Process::Status - a handle on process termination, like $?

VERSION

version 0.002

OVERVIEW

When you run a system command with system or qx`` or a number of other mechanisms, the process termination status gets put into $? as an integer. In C, it's a value of type pid_t, and it stores a few pieces of data in different bits.

Process::Status just provides a few simple methods to make it easier to inspect. Almost the sole reason it exists is for its as_struct method, which can be passed to a pretty printer to dump $? in a somewhat more human-readable format.

Methods called on Process::Status without first calling a constructor will work on an implicitly-constructed object using the current value of $?. To get an object for a specific value, you can call new and pass an integer.
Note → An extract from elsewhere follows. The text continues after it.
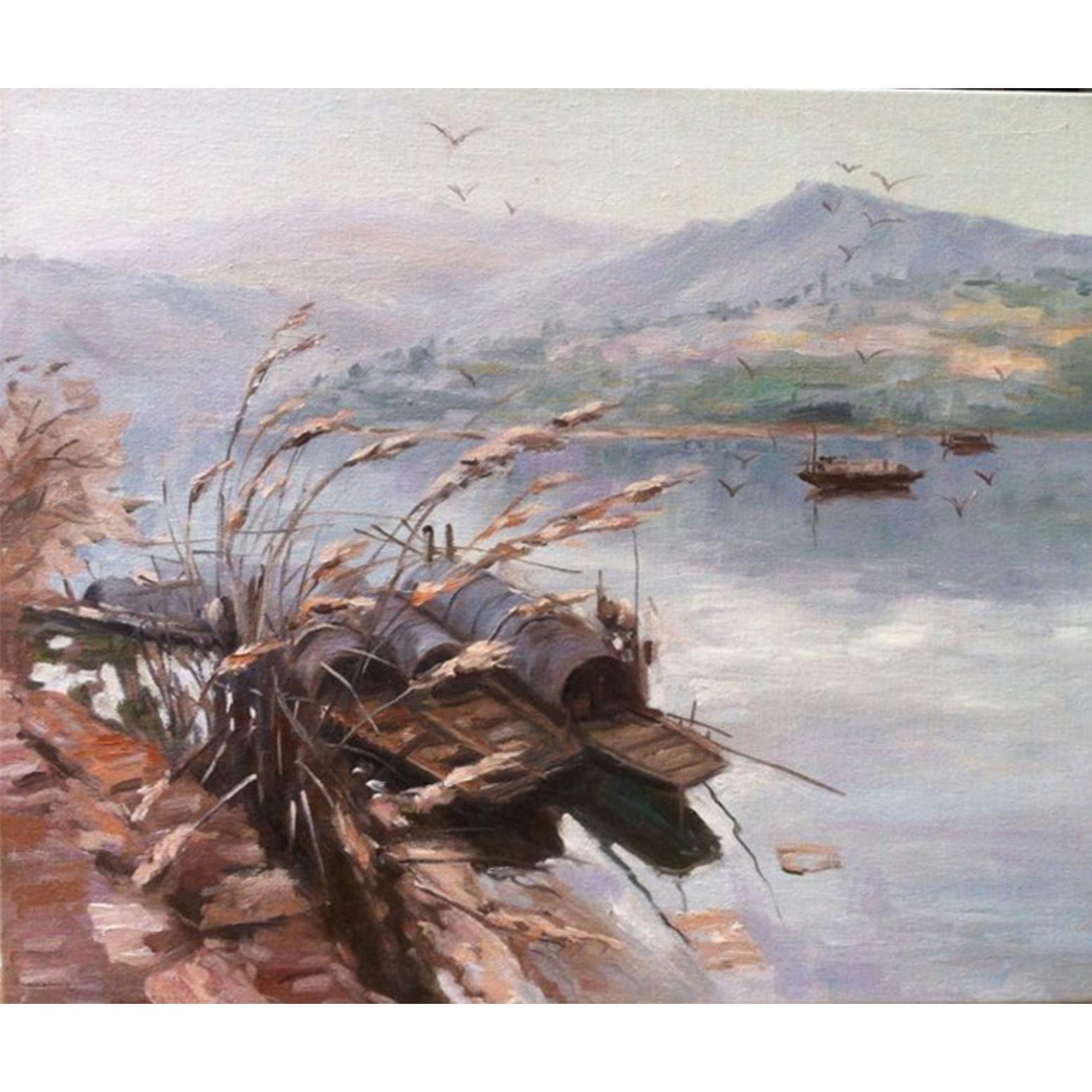 凌振寧油畫(huà)作品《【油畫(huà) 03】作者凌振寧 臨摹》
You can also call new with no arguments to get an object for the current value of $?, if you want to keep that ugly variable out of your code.

METHODS

new

  my $ps = Process::Status->new( $pid_t );
  my $ps = Process::Status->new; # acts as if you'd passed $?

pid_t

This returns the value of the pid_t integer, as you might have found in $?.

is_success

This method returns true if the pid_t is zero.

exitstatus

This method returns the exit status of the pid_t.

signal

This returns the signal caught by the process, or zero.

cored

This method returns true if the process dumped core.

as_struct

This method returns a hashref describing the status. Its exact contents may change over time; it is meant for human, not computer, consumption.

AUTHOR

Ricardo Signes <rjbs@cpan.org>

COPYRIGHT AND LICENSE

This software is copyright (c) 2013 by Ricardo Signes.

This is free software; you can redistribute it and/or modify it under the same terms as the Perl 5 programming language system itself.